• **COLLECTED DATA**:

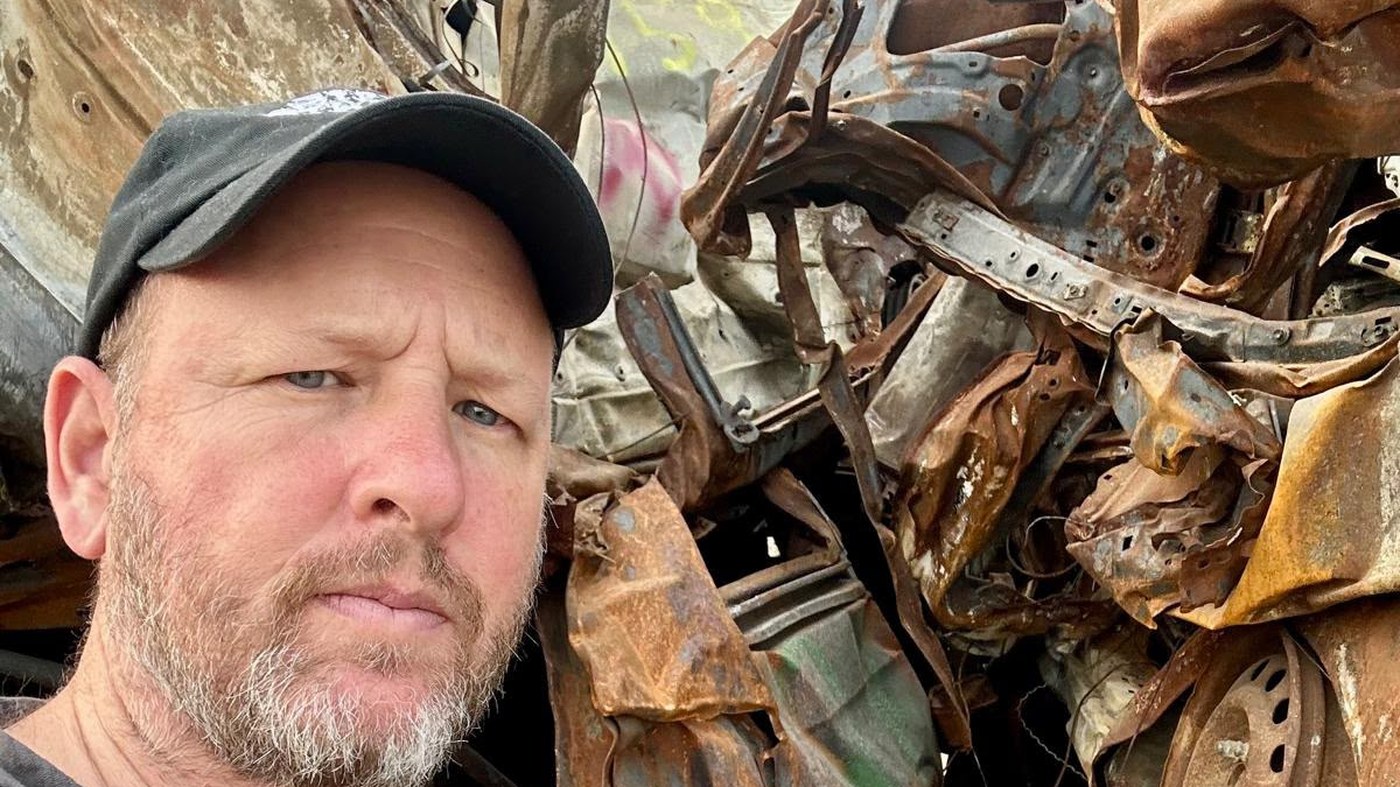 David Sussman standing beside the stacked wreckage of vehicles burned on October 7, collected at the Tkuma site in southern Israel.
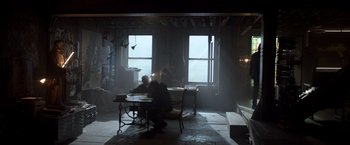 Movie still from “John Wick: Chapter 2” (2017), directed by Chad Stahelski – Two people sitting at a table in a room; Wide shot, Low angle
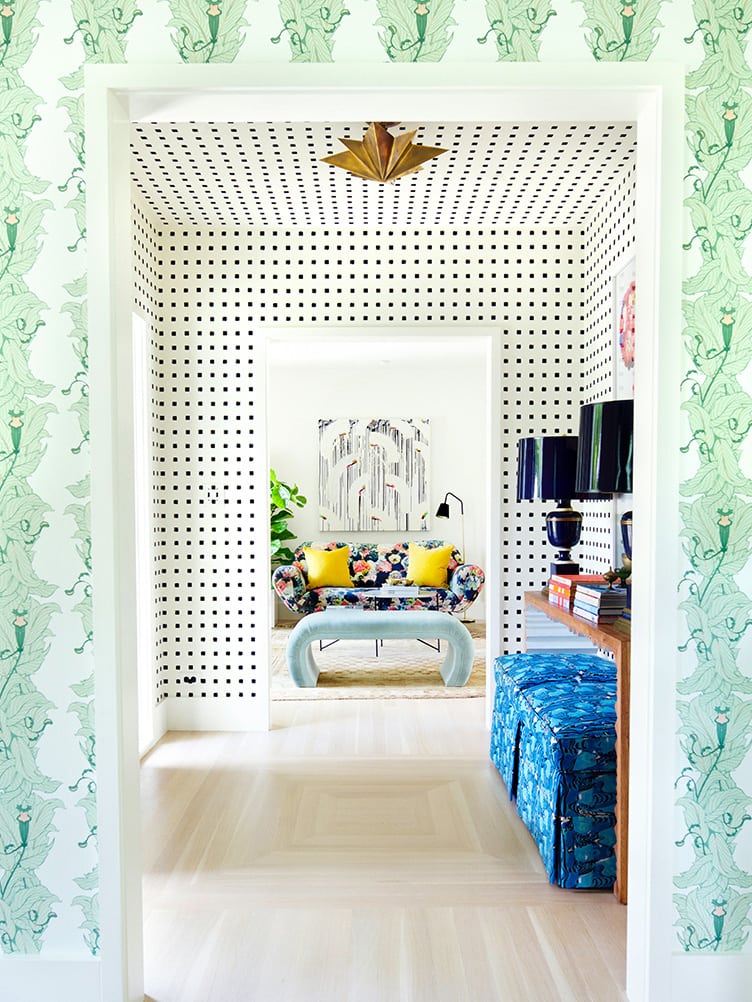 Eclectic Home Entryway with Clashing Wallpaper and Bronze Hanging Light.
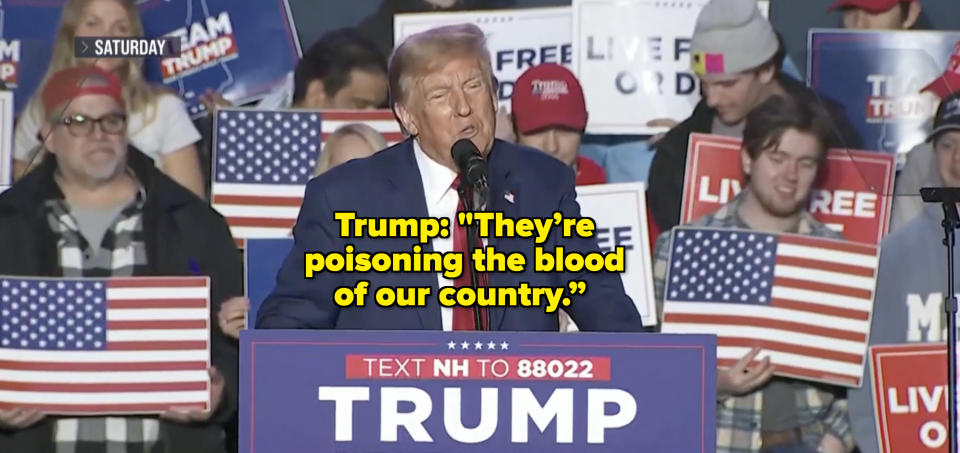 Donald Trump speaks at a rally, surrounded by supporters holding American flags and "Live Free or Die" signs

• **WHAT TO DO**: All of the material above should be output exactly, with the pictures left behind.

• **WRITTEN RESPONSE**:
 David Sussman standing beside the stacked wreckage of vehicles burned on October 7, collected at the Tkuma site in southern Israel.
 Movie still from “John Wick: Chapter 2” (2017), directed by Chad Stahelski – Two people sitting at a table in a room; Wide shot, Low angle
 Eclectic Home Entryway with Clashing Wallpaper and Bronze Hanging Light.
 Donald Trump speaks at a rally, surrounded by supporters holding American flags and "Live Free or Die" signs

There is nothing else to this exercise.